Also, you know ...Russians doing that annoying "Not Giving Up" thing.

Without American production the United Nations could never have won the war - Joseph Stalin, Tehran Conference, November 1943

So the hundreds of thousands of European, Commonwealth, Polish, African troops whose cemeteries around the world are still being carefully tended are the stupid ones who didn't get fast enough behind an ample-framed US body?

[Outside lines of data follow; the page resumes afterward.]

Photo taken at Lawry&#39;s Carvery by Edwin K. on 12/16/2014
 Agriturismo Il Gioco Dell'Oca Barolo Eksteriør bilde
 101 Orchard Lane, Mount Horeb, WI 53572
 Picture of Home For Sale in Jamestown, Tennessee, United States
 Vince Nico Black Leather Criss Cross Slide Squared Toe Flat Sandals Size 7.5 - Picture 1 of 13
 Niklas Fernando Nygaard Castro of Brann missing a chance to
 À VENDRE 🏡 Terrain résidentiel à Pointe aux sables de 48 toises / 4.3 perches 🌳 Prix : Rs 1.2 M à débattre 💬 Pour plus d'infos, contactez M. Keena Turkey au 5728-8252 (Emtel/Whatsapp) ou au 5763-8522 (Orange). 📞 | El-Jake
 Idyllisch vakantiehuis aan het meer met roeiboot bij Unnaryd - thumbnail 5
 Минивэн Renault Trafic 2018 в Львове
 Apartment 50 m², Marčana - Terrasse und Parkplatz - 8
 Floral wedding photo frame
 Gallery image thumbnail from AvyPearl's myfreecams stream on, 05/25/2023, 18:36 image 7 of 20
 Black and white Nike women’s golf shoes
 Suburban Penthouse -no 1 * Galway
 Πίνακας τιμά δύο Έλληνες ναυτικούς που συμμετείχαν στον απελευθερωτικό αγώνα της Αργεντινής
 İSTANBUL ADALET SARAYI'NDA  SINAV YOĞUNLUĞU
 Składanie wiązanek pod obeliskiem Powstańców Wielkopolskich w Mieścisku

No, no, you misunderstand, we move slowly, they just didn't have the opportunity to get behind a lumbering corn-fed American. Seriously, I was being somewhat facetious. Of course our "warm bodies" helped turn the tide, but it was our metal more than our mettle that was the biggest factor despite the swaggering rehtoric of jingoists and teabaggers, especially in the early days before we had even officially entered the wars.
posted by Pollomacho at 9:18 AM on March 4, 2010


Bah! North American rationing was bountiful compared to the rationing in the UK. My dad was born to a working-class family in Yorkshire in '43 and would not wish the poverty and extreme rationing he experienced as a child on anyone. They lived by very limited means well into the '50s. He was of school age the first time he saw/tasted a banana, and it was quite a luxury even then.
posted by jimmythefish at 10:00 AM on March 4, 2010


I've heard that comment about bananas from many people who experienced rationing in the UK, and I've never understood what point it's trying to make. Were bananas common in the UK before the war?

I was in 5th grade before I saw a mango, and I've always had plenty of food available.
posted by The corpse in the library at 10:21 AM on March 4, 2010


"Hail to Thee Fat Person, you kept us out of war." A.S.
posted by dances_with_sneetches at 10:50 AM on March 4, 2010


I find How To Cook A Wolf is much better.

Hey!
posted by WolfDaddy at 11:00 AM on March 4, 2010


Of course our "warm bodies" helped turn the tide, but it was our metal more than our mettle that was the biggest factor despite the swaggering rehtoric of jingoists and teabaggers, especially in the early days before we had even officially entered the wars.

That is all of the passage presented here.